Relationship with chapters and community members on PR/communications
- I have a healthy relationship with chapters on communications. Basic operating principle is
“assume good faith.” Need to make sure chapters feel included, that they can participate, we can collaborate on simple things
- There is a communications committee mailing list that I use to reach out to the chapters; let them
know what’s going on, what they need to be informed
- Issue is that chapters are at different stages; we want to facilitate their success, give them tools
(design templates, information they can use to tell their story)
- I can’t promise every service to the chapters; every chapter has a PR communications person –
although it’s not required. I do outreach and let them know what’s going on; I’ll help them by providing examples and formats for press releases; can’t sustainably provide specific coaching or support on writing press releases
- Even if we had a “college of communications” so that they could get trained – that would not be
the right solution; it’s not practical; there are cultural and language differences in terms of what’s appropriate for PR and communications in different countries and cultures. There isn’t one way to do PR around the world.
- It’s not just about writing down best practices and putting it on a wiki – it’s about the foundation
taking a leadership role, doing big important things and sharing how we did it
- There was a previous era of communications within Wikimedia where communications was more
collaboratively done—writing press releases as collaborative exercise. When I started I wanted to change this approach – put the Foundation more directly in a leadership role for driving its own communications. This may have offended some people, perhaps robbed them of something they like to do, but for professional communications it’s about the power and legacy of the brand. We need to honor and protect this. We went from groupthink and construction to a more traditional communications operation think. One or two people driving the main message with lots of collaboration.
- Experience on the Orange deal is a success. We needed to have people on the ground in France
to make the deal work. Members were very critical to the success of this. We needed people who speak French talking to a big business there. This was a big responsibility. The chapter is invested in this; they are helping to build something great. There is a natural risk handing it over to volunteers (to folks who aren’t paid to assume risk) – but we don’t have the people on the ground. We are assuming good faith, trusting people to do good work, and they do. Similar situations are playing out with the Polish and UK chapters.

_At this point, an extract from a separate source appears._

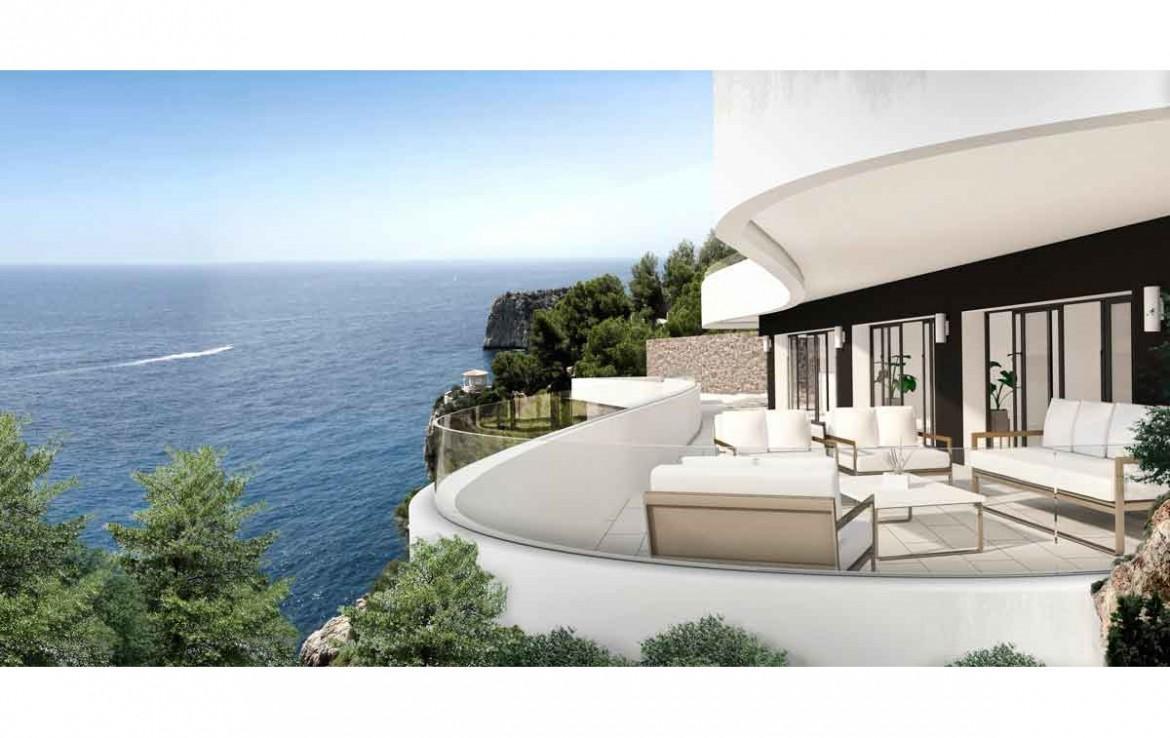 Curved terrace featuring glass railings and modern outdoor seating, overlooking the Mediterranean Sea and coastal cliffs in Jávea.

- Without a chapter on the ground, this would be more difficult. For example, we don’t have a
chapter in Spain. We can’t go in there for a partnership deal; we need people on the ground. Now working with PR people in Japan, where there is no chapter. This is more challenging.

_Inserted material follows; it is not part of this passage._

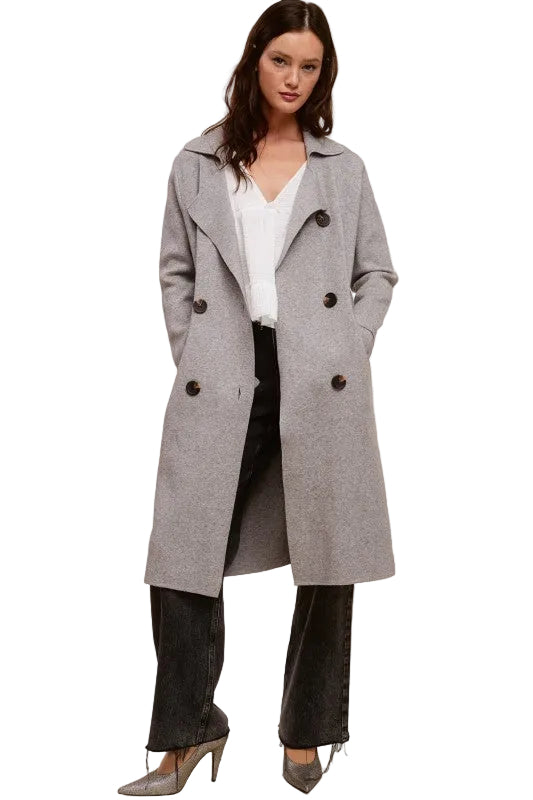 Model wearing a Trestles Clothing Company Beckham Coat in grey cashmere blend with a double-breasted midi silhouette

Constraints on PR/Communications capacity
- Need to have more capacity to do media monitoring; we need to know what’s being said about
our brand and Wikipedia. There are negative perceptions of Wikipedia on the rise, and we need intelligence on that
- We are trying to get ahead of the story, and we are doing that more and more
- We could easily get additional capacity – form a cadre of 5 or 6 communications executives to
provide pro bono support. We could form an advisory group specifically for communications; we don’t need to do all this work in house, but it requires cultivating and managing those relationships. With the power of our brand, there is nothing we could not get done. It would take 0.25 FTE to serve these folks, to truly engage them well. This would be in line with our story and brand – create a collaborative environment, invite them in to help with the movement.
- We get pulled between two worlds – we have the communications department of a small
nonprofit, but we are a top 5 website.